Siapa Budayawan Ishak Ngeljaratan?

Penulis: Thamzil Thahir
Editor: Suryana Anas
AA

Text Sizes

Medium

Large

Larger

Thamzil Thahir dan Ishak Ngeljaratan (kanan)

Ishak juga banyak dikenal di fakultas lain, karena saat itu dia mengajarkan mata kuliah dasar; filsafat, ilmu budaya, dan logika.

Ishak menikahi salah satu dosen sastra Indonesia, Dra Nannu Nur (78). 

Kini, menjelang usia 83 tahun, Ishak sudah menjadi kakek buyut dari empat cicit, kakek dari 9 cucu, dan ayah dari 4 anak. 

“Kakek yang punya cucu banyak, tapi jadi kakek yang punya cicit, saya merasa sangat beruntung masih bisa bermain dengan mereka,” ujar Ishak kepada Tribun, Senin (14/5/2018).

Ishak kerap menceritakan anaknya yang kini masih kuliah teknik dan kerja di Amerika Serikat.

ishak juga senang musik dan bermain drama. Bersama mendiang sstrawan M Husni Jamaluddin, Rahman Arge, Arsal Alhabsy, Ishak pernah lama mengelola Dewan Kesenian Makassar (DKM).

Ishak kerap mementaskan drama dan salah satu pembuat arragement musik Mars Unhas.

Meski kerap mengutip pesan-pesan ilahi dari banyak kitab suci, Ishak sendiri menggambarkan agama sebagai anugerah transendental dari langit yang turun ke manusia secara personal, bukan komunal. 

Di mata Ishak, agama itu semacam hidayah individu yang diajarkan ke banyak umat untuk membentuk peradaban.

Ishak memang langganan banyak organisasi kader berbasis agama. HMI, PMKRI, GMNI, GMKI, PMII, IMM, Pemuda Ansor, dan ormas keagamaan kerap mengundangnya jadi pembicara toleransi.

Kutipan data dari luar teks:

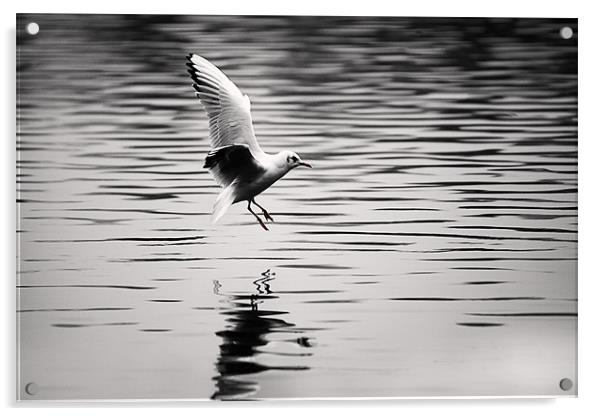 Seagull landing on lake Acrylic by Simon West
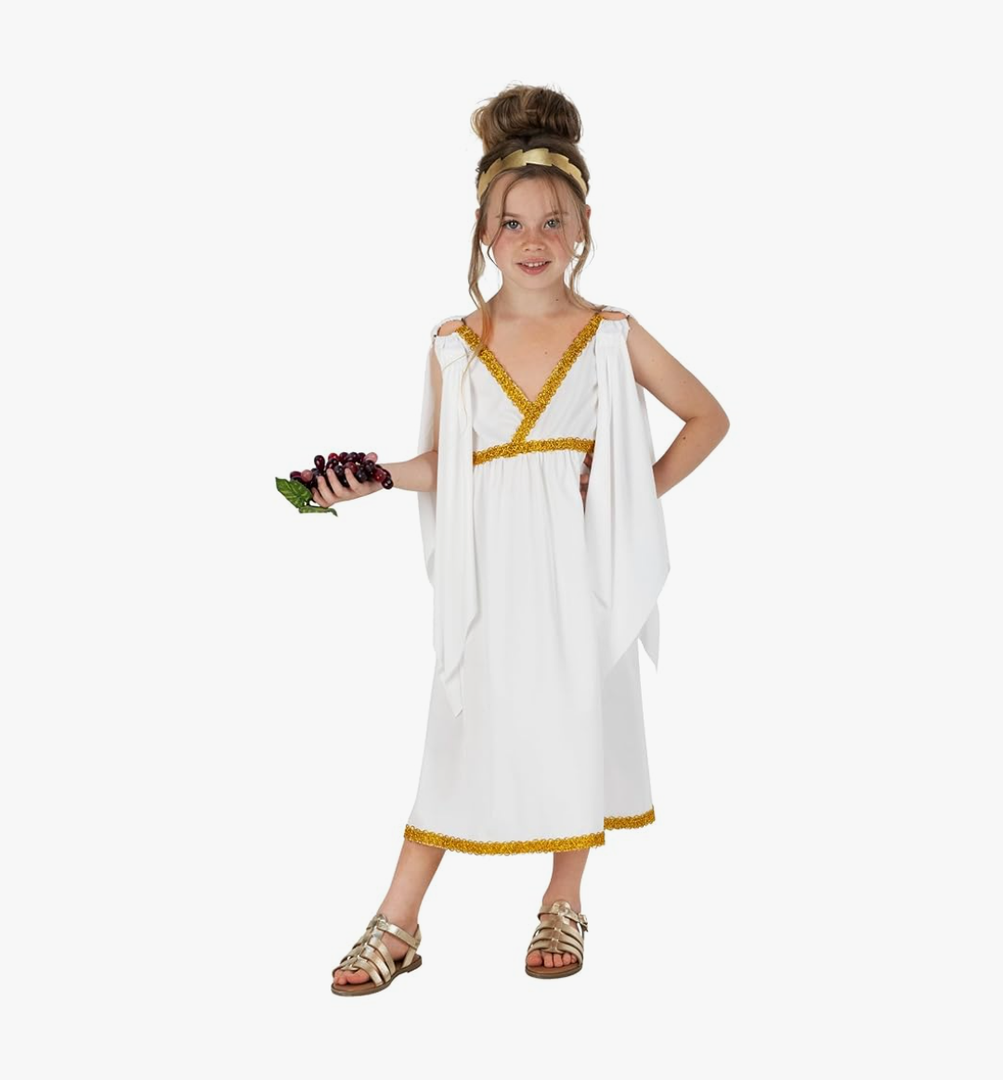 fun shack Kids Greek Goddess Costume Girls, Toga Costume Kids, Athena Costume Greek Costume Girls, Girls Goddess Costume (Medium)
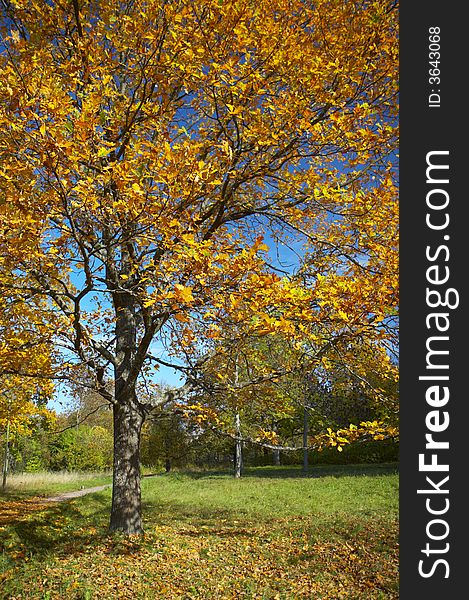 Oak with yellow leaves on a glade in an autumn sunny day. Oak with yellow leaves on a glade in an autumn sunny day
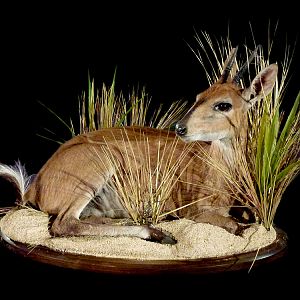 Duiker Full Mount Taxidermy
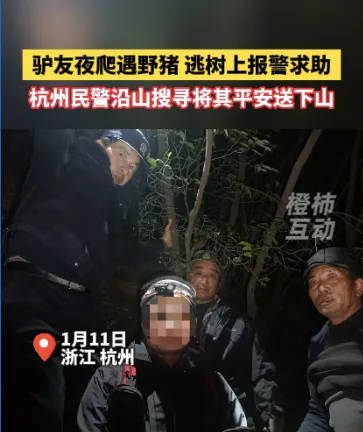 “我现在在树上<strong></p>
<p>edr虚拟币</strong>，野猪在下面……”杭州一男子深夜报警！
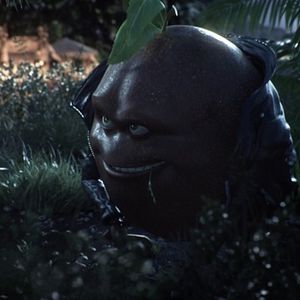 Photo L'Effet Papayon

Namun, anomalinyam dia sendiri tak sepakat dengan penggunaan istilah toleran. “Kamu catat ini. Saya sejak dulu tidak setuju dengan istilah toleransi beragama. Yang cocok itu adalah akseptansi, saling menerima agama orang lain dengan azas harmoni dan cinta. Toleransi itu kebersamaan, sedangkan akseptansi adalah kebersesamaan. Di toleransi identitas saya melebur menjadi kami. Sedangkan di akseptansi, identitas saya tetap ada dan diterima oleh orang lain. Itulah esensi Bhineka Tunggal Ika,” ujarnya kepada Tribun, sesaat sebelum naik petepete sepulang mengajar di Sekolah Tinggi Teologia (STT) INTIM di Jl Baji Dakka, selatan Makassar, Jumat (11/5/2018).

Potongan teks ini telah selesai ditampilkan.